Enfin, la cour n’ayant mentionné qu’à titre surabondant que le projet de plan local d’urbanisme ne classe en zone N – « zone humide » – que le fossé relié à l’affluent du Lieutel et une seule des mares, située sur un terrain déjà construit jouxtant la parcelle d’assiette du projet, le moyen tiré par la commune de ce que cette mention serait entachée de dénaturation ne peut qu’être écarté comme inopérant.

L’on comprend à la lecture de l’arrêt plus bavard de la Cour et dont est saisi le Conseil d’État que les juges d’appel se sont penchés -certes, timidement- sur la pertinence du zonage naturel :

Il ne ressort pas des pièces du dossier […] que le projet en cause, dès lors que par son importance et sa localisation en continuité de l’urbanisation existante il ne remettrait pas en cause la pérennité d’une mare ou de l’affluent du Lieutel, serait de nature à compromettre l’exécution du futur plan local d’urbanisme, qui a pour objet de protéger les mares et l’affluent du Lieutel, en ne classant au demeurant en zone N – « zone humide » – que le fossé relié à l’affluent du Lieutel et une seule des mares, située sur un terrain déjà construit jouxtant la parcelle d’assiette du projet.

CAA Versailles, 22 novembre 2018 : n° 17VE00223.

Autrement dit, une décision de sursis à statuer peut être annulée si le projet litigieux ne compromet pas ou ne rend pas plus onéreuse l’exécution d’un PLU, mais également si les règles de ce futur PLU justifiant cette décision sont illégales.

Une telle initiative a le mérite de mettre en évidence en amont une illégalité du futur plan.
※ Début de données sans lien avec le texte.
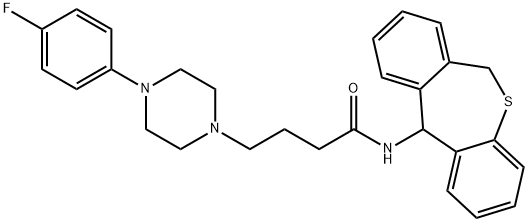 4-[4-(4-フルオロフェニル)ピペラジン-1-イル]-N-{9-チアトリシクロ[9.4.0.03,8]ペンタデカ-1(15),3,5,7,11,13-ヘキサエン-2-イル}ブタンアミド 化学構造式
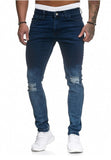 Men's Skinny Jeans Side Stripes Ripped Frayed Slim Fit Denim Pants Hip Hop Black Streetwear Rolled Edge Casual Jean Trousers Men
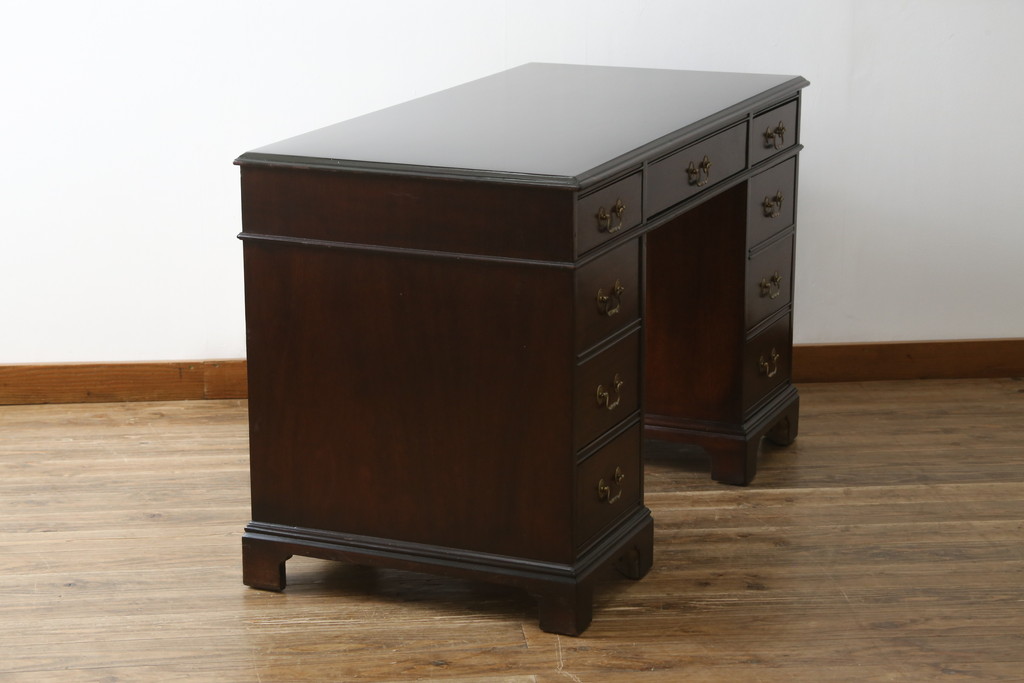 中古　DREXEL HERITAGE (ドレクセルヘリテイジ)　マホガニー材　洗練された大人の雰囲気醸し出す両袖デスク(机、在宅ワーク、在宅用ワークデスク)(R-052179)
Elle permet ainsi aux auteurs du plan de « corriger le tir » et anticiper le risque contentieux d’un recours parallèle (ou futur, mais plus rare vu la temporalité) dirigé contre la délibération d’approbation du PLU.

Mais une telle initiative heurtera les plus orthodoxes des spécialistes de Droit public qui pourraient s’étonner que l’appréciation de la légalité d’un PLU en projet puisse avoir des conséquences sur un acte en vigueur, ici un sursis à statuer. Mais l’examen du futur plan présente également des vertus pédagogiques et prophylactiques : préfigurer l’avenir pour tenter de le corriger, en quelque sorte.


CE, 22 juillet 2020, commune de La Queue-les-Yvelines : n° 427163, Lebon.